EV用急速充電器の有料化が加速、日産出資企業も会員制サービスを立ち上げ:24時間対応のコールセンターも(2/2 ページ)
日産自動車などが出資するジャパンチャージネットワークは、神奈川県を中心とする電気自動車(EV)用急速充電器を有料で利用できる会員制サービスを始める。トヨタ自動車、ホンダ、三菱自動車などが出資する充電網整備推進機構も、同様の会員制サービスを立ち上げており、EV用急速充電器の利用料を有料化する動きが加速している。
店舗によって異なる都度料金
利用料は、月会費とEVへの充電を1回行うごとに掛かる都度料金の組み合わせになる。月会費は、会員の利用頻度に合わせて3つのプランに分かれている。利用頻度の少ない会員向けの「ライトプラン」と比べて、月5回以上利用する会員向けの「バリュープラン」は都度料金が最大25%、月10回以上利用する会員向けの「スーパーバリュープラン」は都度料金が最大33%少なくて済む。また、月会費のプランごとに、都度料金の月額合計から一定の金額が割り引かれる。割り引き金額は最大で、ライトプランが500円、バリュープランが2000円、スーパーバリュープラン4500円。基本料金に一定時間分の通話料が含まれている携帯電話の契約を思い浮かべると分かりやすい。
これら3つのプラン以外に、日産自動車のEV「リーフ」のユーザーなどが契約している、「日産ゼロ・エミッションサポートプラグラム」会員向けの「ZESPプラス」というプランもある。
なお、2013年3月末までは、月会費を、都度料金の月額合計からの割り引き額と同額に引き下げる、期間限定キャンペーンを実施する。
都度料金は、EV用急速充電器の設置場所によって異なる。例えば、ライトプランの会員が、ファミリーマートのEV用急速充電器を利用する場合、1回当たり最大15分の充電で420円になる。びっくりドンキーの場合は、1回当たり最大20分の充電で500円、日産自動車ディーラの場合は、1回当たり最大30分の充電で525円となっている。
一方、東日本高速道路と成田空港は、都度料金を当面無料にしている。さらに、サービスを相互乗り入れするEVSSのEV用急速充電器を利用する場合、プランにかかわらず、充電1回当たり600円になる。
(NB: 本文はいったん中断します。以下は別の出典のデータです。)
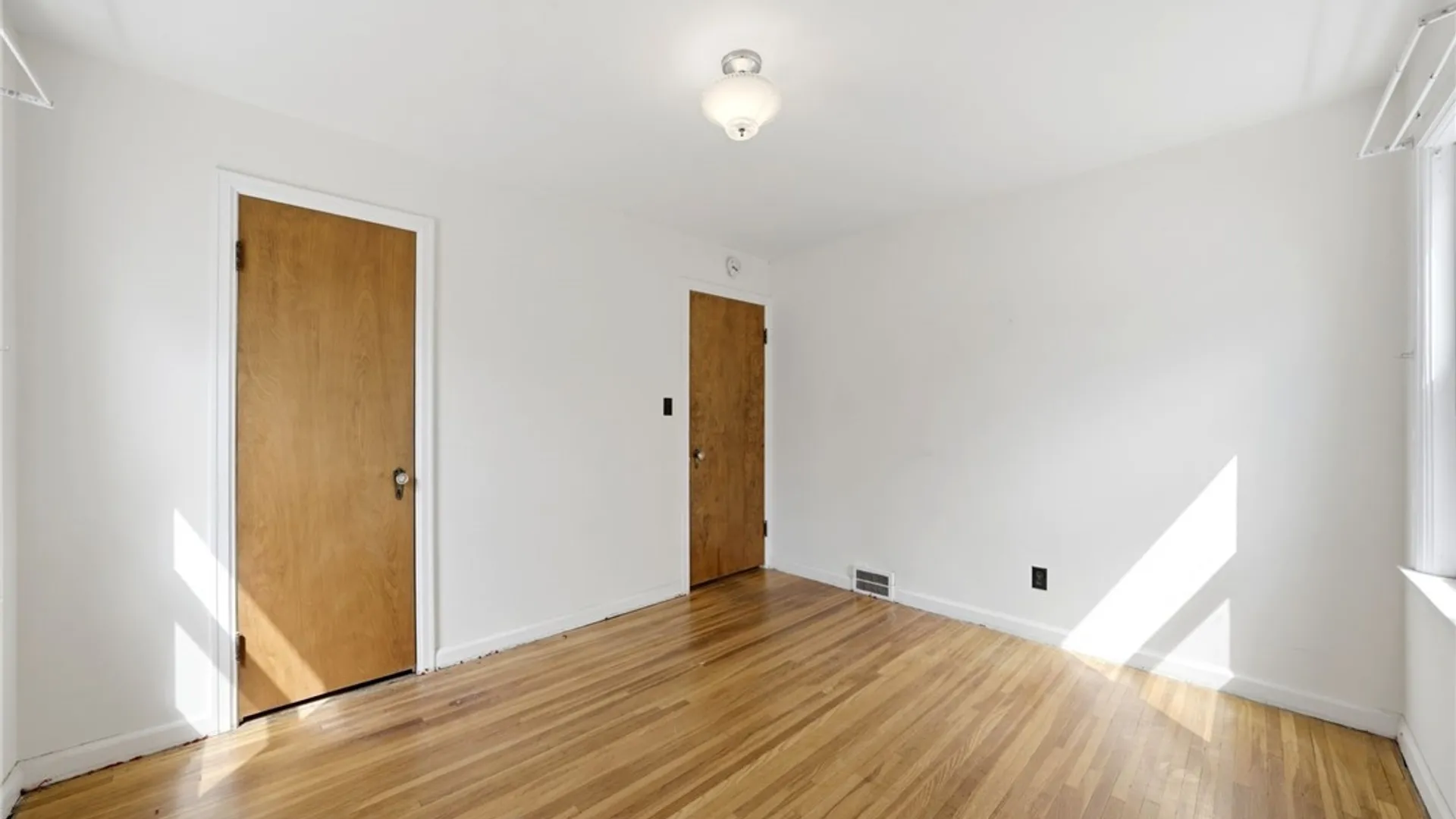 Property at 1 Colvinhurst Drive, Tonawanda, NY 14223 14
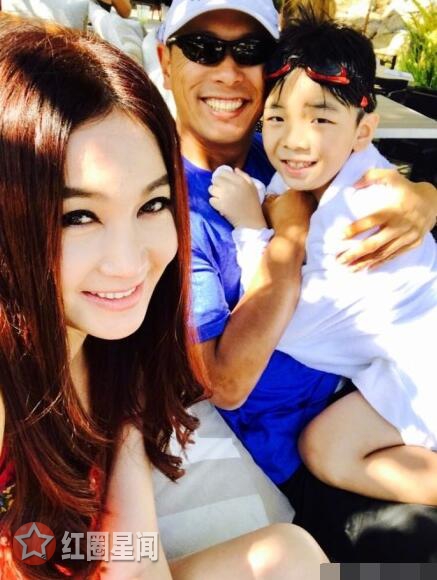 �Ա��±�ϼΪʲô�������� ����Ů���±�ϼ�߳����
ジャパンチャージネットワークのWebページから、同社の会員が利用できる充電器の所在地を検索できる。
これに対して充電網整備推進機構の場合、認証用カードの登録手数料である1575円の他に、月額の基本料金である1050円(個人ユーザーの場合)を支払うだけで、同社のEV用急速充電器を利用できる。これは、充電を1回行うごとに掛かる都度料金が、2014年3月まで無料になっているためだ。